## PROBLEM DETAILS
Each line below needs to be returned exactly. Skip any picture.

━━━━━━━━━━━━━━━━━━━━━━━━━━━━━━

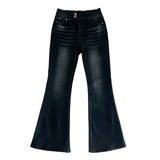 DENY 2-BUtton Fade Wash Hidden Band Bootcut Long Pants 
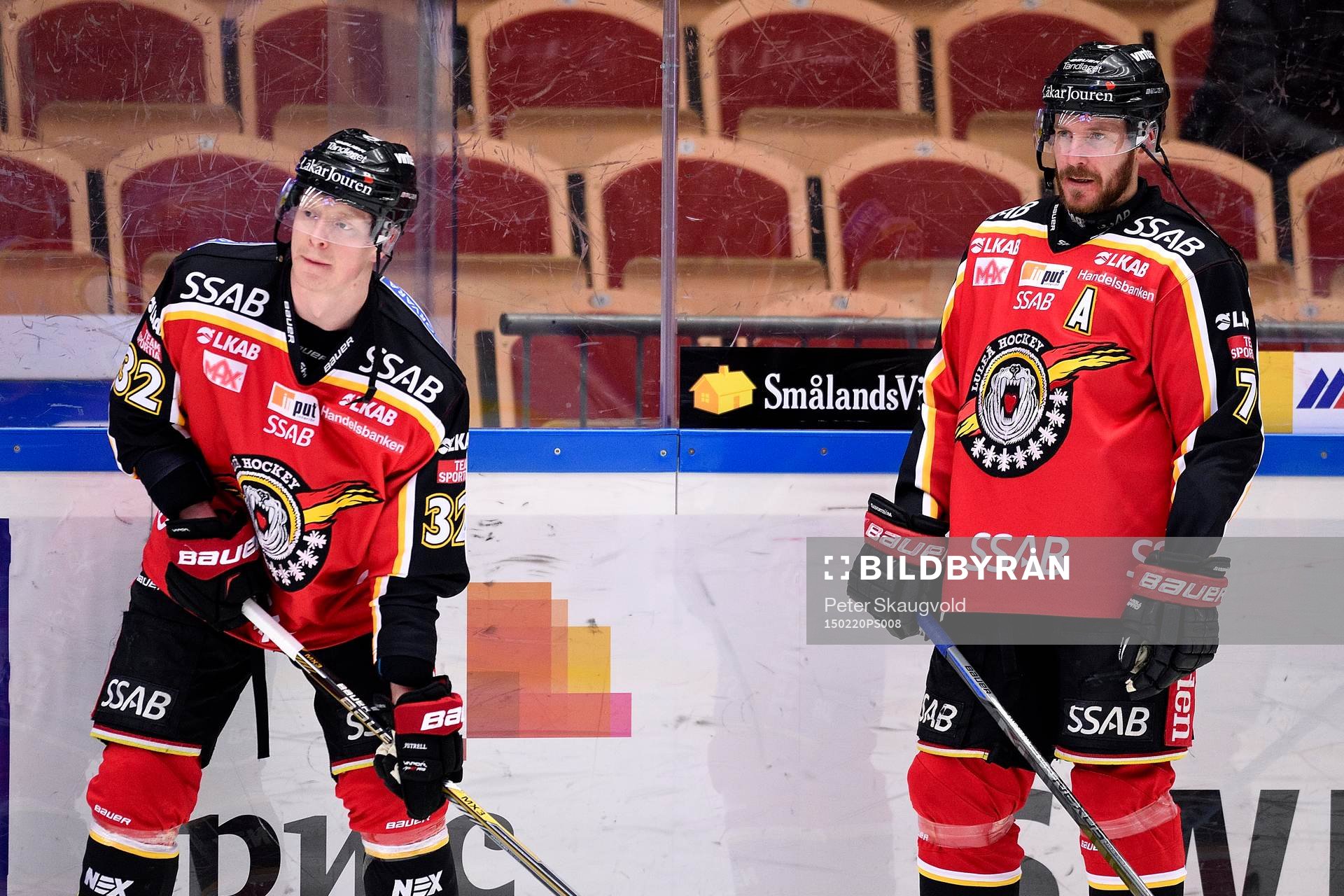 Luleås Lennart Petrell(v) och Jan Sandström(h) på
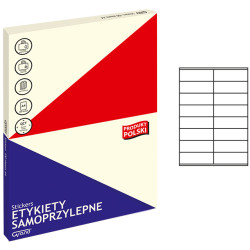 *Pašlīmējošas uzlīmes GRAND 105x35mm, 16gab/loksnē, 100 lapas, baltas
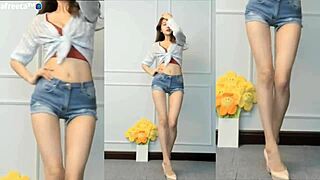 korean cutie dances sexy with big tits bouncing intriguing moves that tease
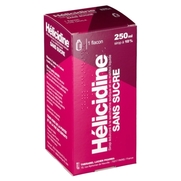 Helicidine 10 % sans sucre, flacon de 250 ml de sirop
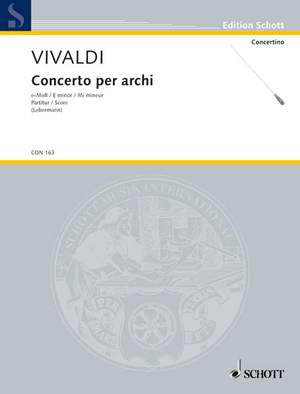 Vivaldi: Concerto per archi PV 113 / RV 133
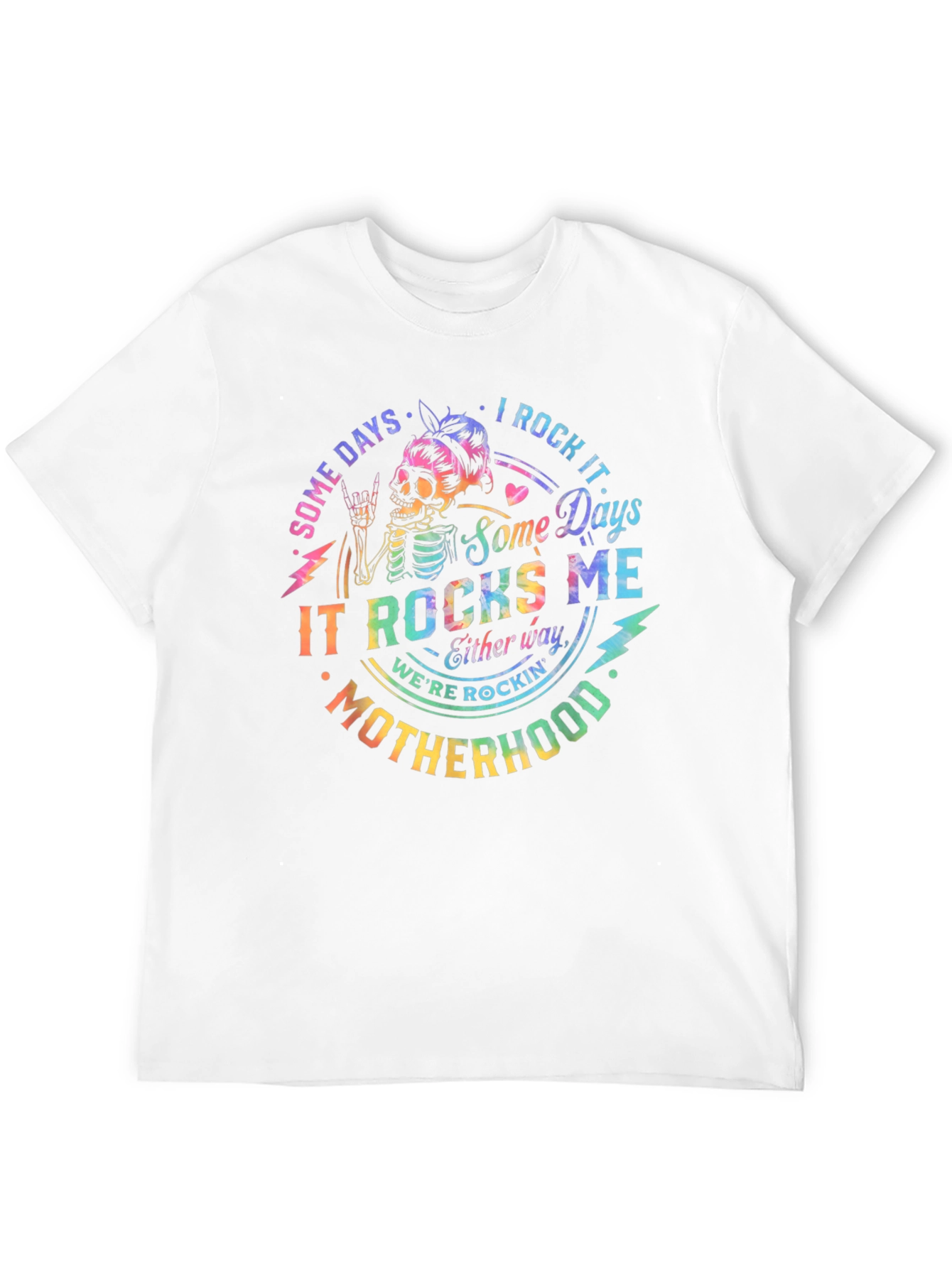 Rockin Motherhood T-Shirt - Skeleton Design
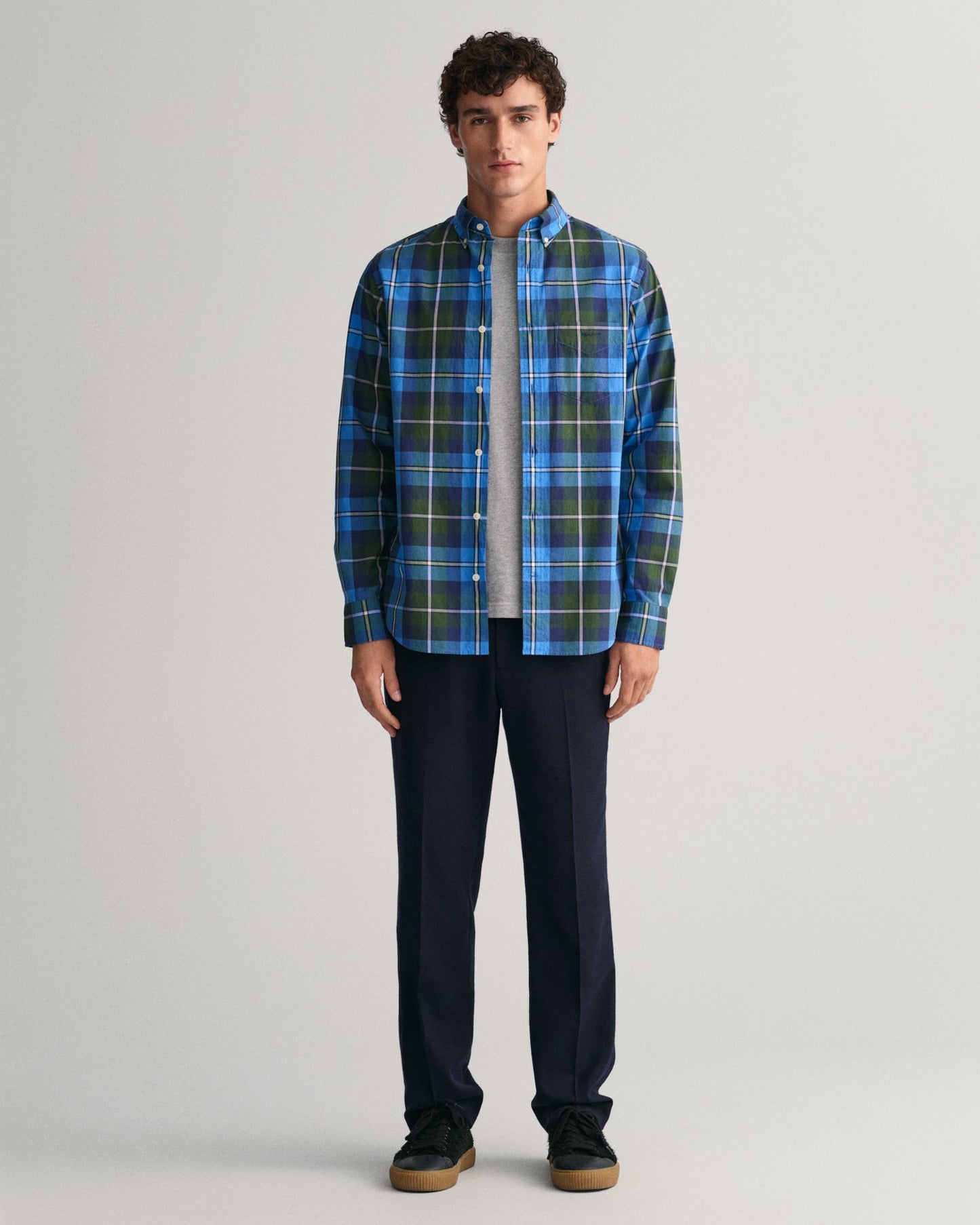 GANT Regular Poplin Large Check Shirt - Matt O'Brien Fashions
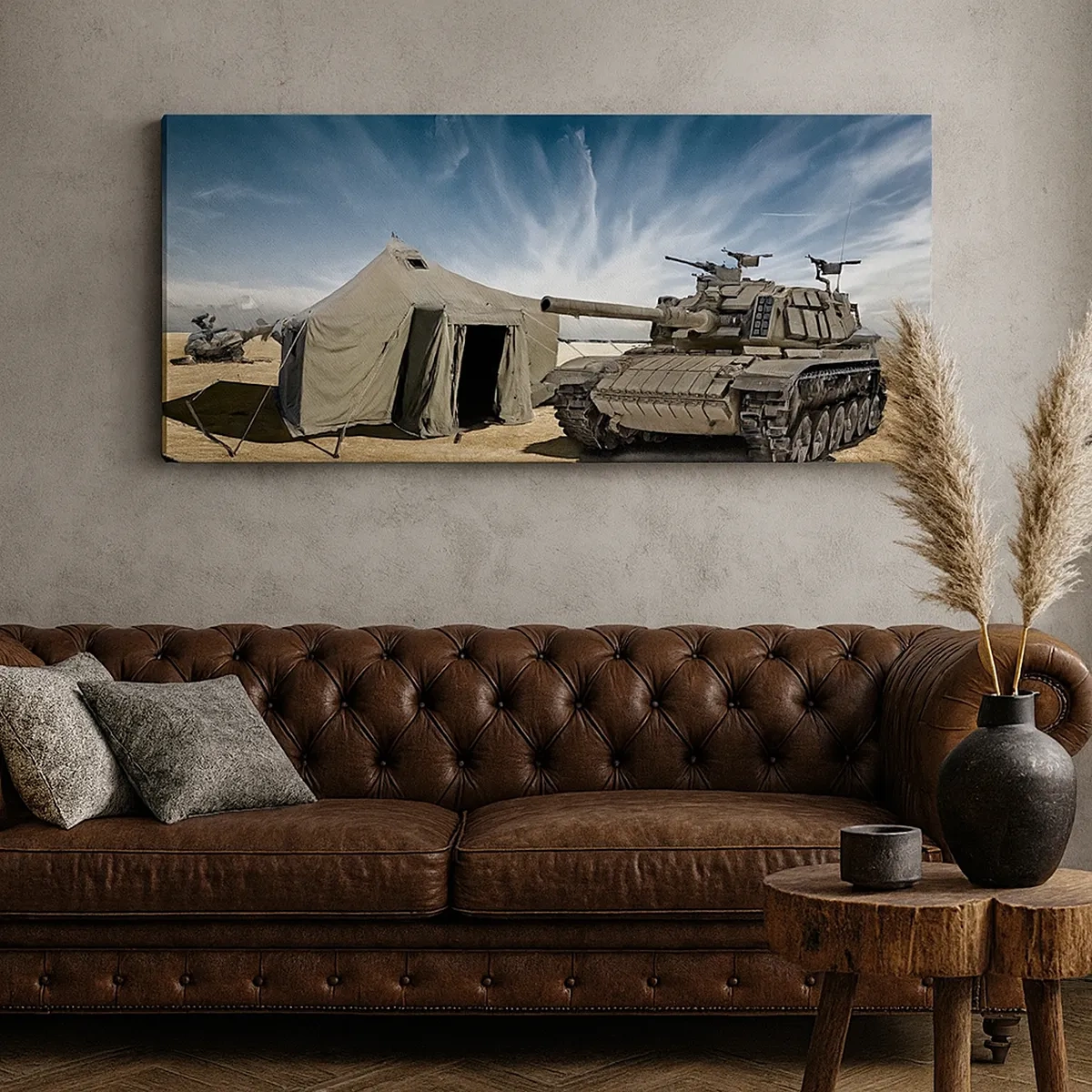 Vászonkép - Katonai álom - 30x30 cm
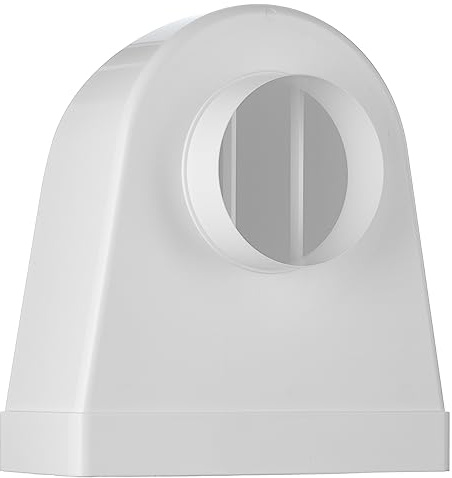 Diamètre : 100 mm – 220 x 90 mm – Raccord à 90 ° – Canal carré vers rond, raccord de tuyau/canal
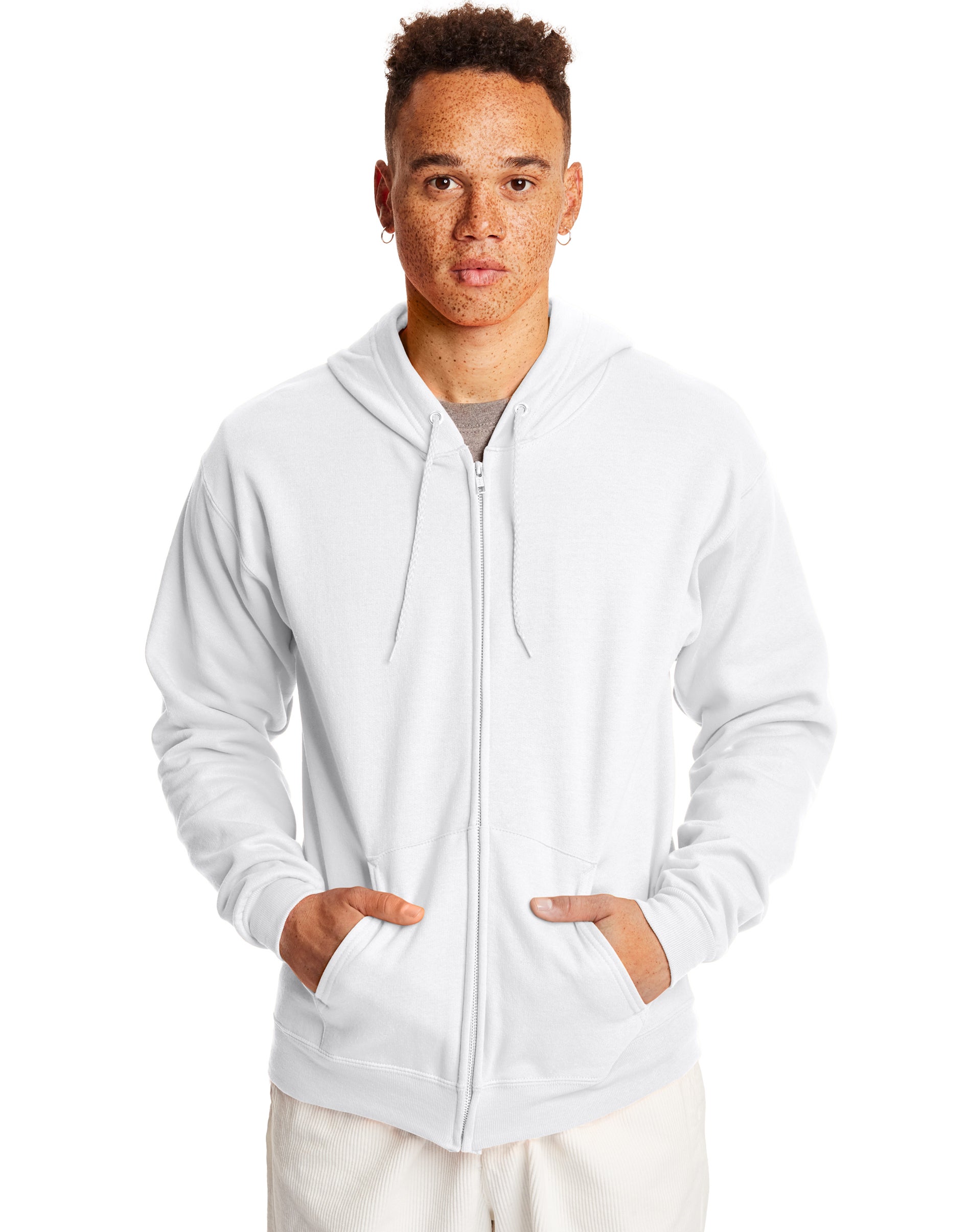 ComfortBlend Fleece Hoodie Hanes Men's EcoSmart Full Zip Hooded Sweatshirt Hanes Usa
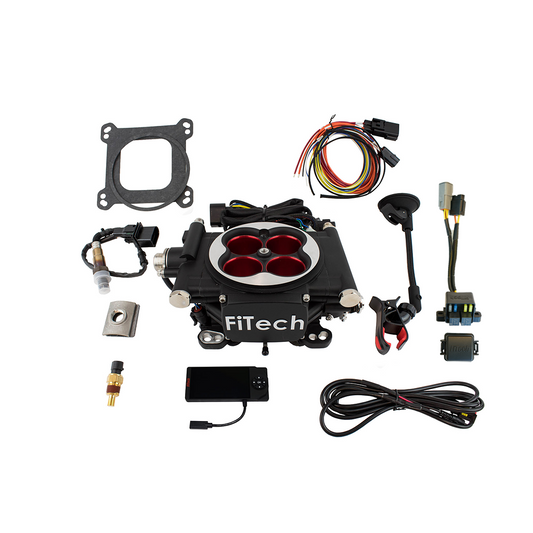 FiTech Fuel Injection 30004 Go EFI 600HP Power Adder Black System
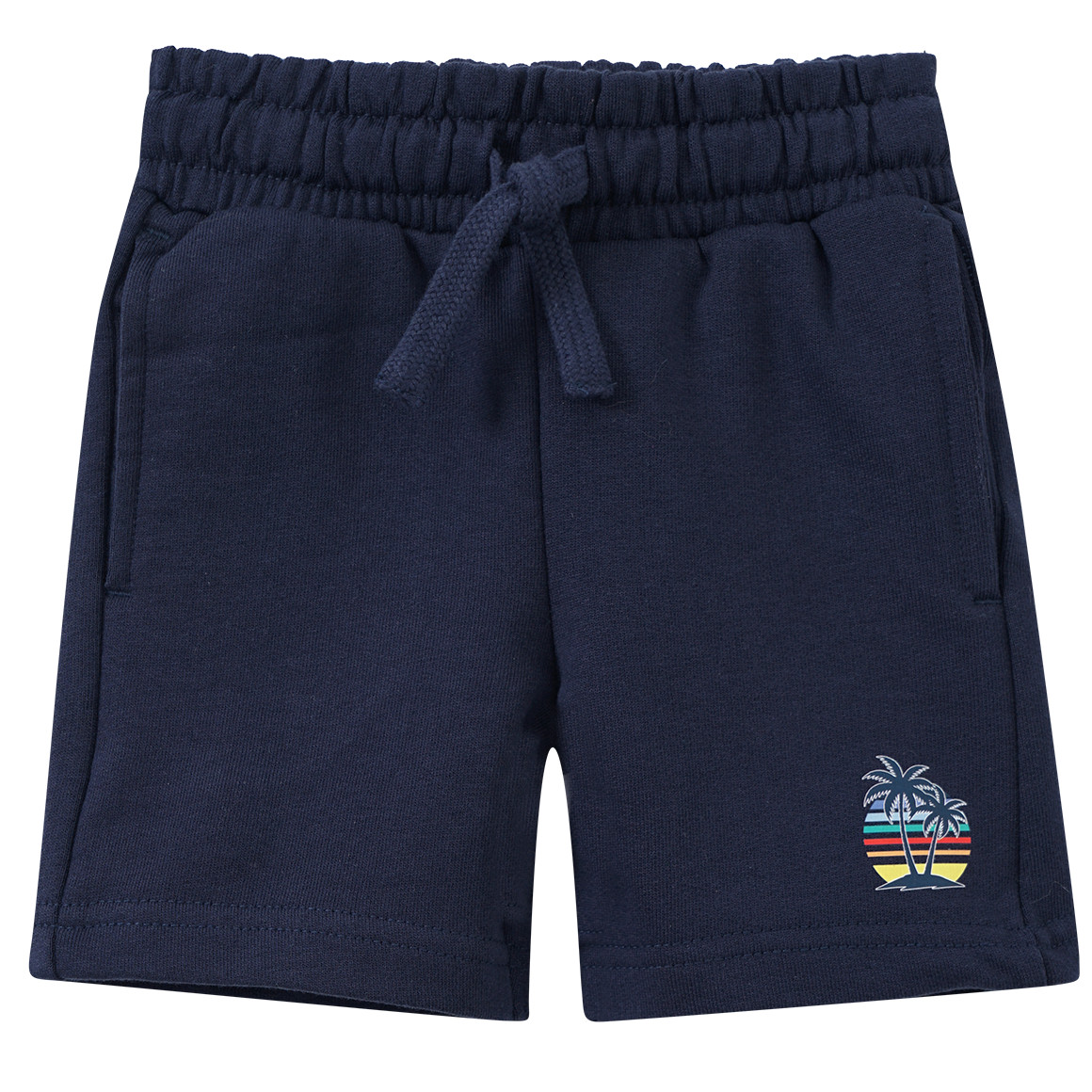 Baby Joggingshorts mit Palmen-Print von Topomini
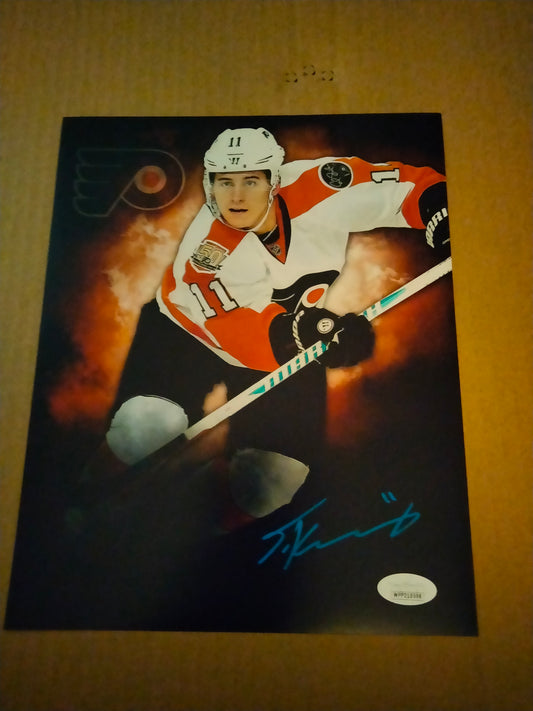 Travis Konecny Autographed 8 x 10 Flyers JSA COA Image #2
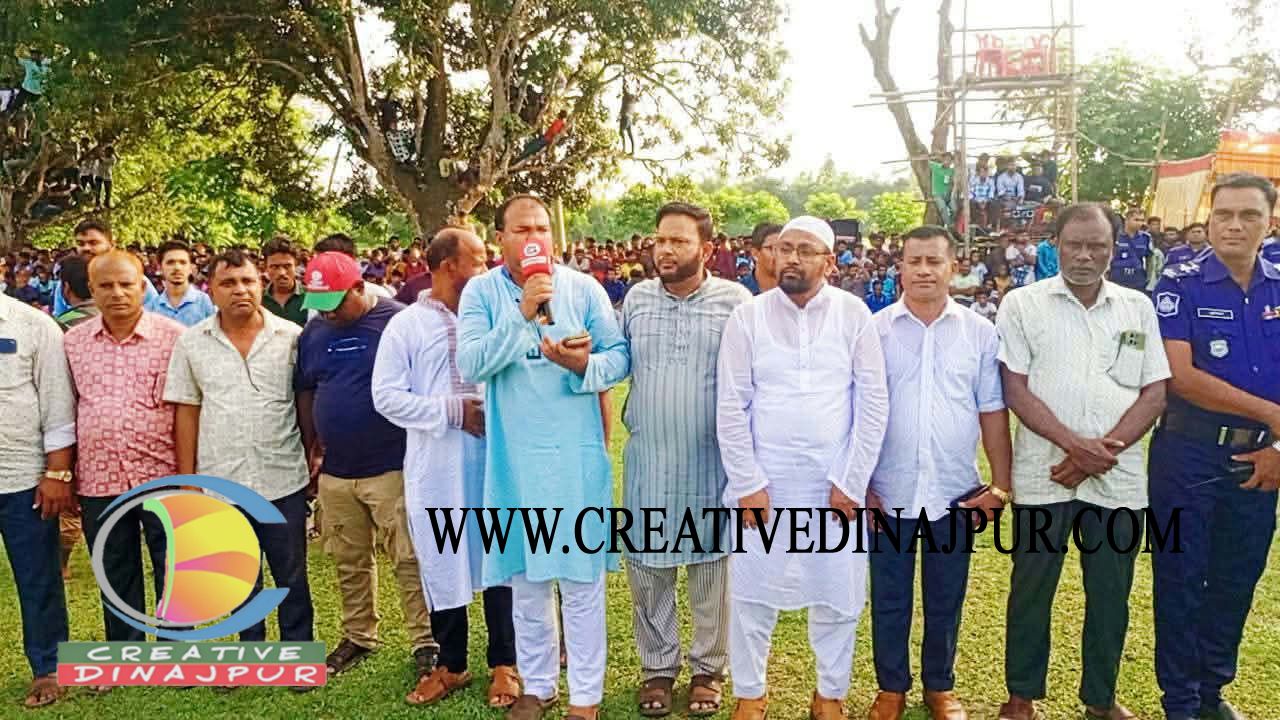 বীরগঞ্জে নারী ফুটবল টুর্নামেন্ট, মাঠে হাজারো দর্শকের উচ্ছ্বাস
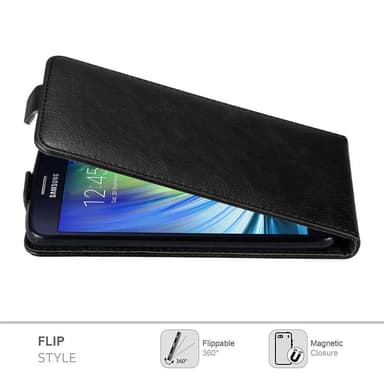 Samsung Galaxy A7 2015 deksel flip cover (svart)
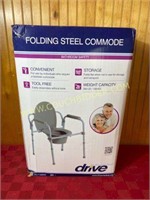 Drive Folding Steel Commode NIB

━━━━━━━━━━━━━━━━━━━━━━━━━━━━━━

## SOLUTION FOR THIS PROBLEM
 DENY 2-BUtton Fade Wash Hidden Band Bootcut Long Pants 
 Luleås Lennart Petrell(v) och Jan Sandström(h) på
 *Pašlīmējošas uzlīmes GRAND 105x35mm, 16gab/loksnē, 100 lapas, baltas
 korean cutie dances sexy with big tits bouncing intriguing moves that tease
 Helicidine 10 % sans sucre, flacon de 250 ml de sirop
 Vivaldi: Concerto per archi PV 113 / RV 133
 Rockin Motherhood T-Shirt - Skeleton Design
 GANT Regular Poplin Large Check Shirt - Matt O'Brien Fashions
 Vászonkép - Katonai álom - 30x30 cm
 Diamètre : 100 mm – 220 x 90 mm – Raccord à 90 ° – Canal carré vers rond, raccord de tuyau/canal
 ComfortBlend Fleece Hoodie Hanes Men's EcoSmart Full Zip Hooded Sweatshirt Hanes Usa
 FiTech Fuel Injection 30004 Go EFI 600HP Power Adder Black System
 Baby Joggingshorts mit Palmen-Print von Topomini
 Travis Konecny Autographed 8 x 10 Flyers JSA COA Image #2
 বীরগঞ্জে নারী ফুটবল টুর্নামেন্ট, মাঠে হাজারো দর্শকের উচ্ছ্বাস
 Samsung Galaxy A7 2015 deksel flip cover (svart)
 Drive Folding Steel Commode NIB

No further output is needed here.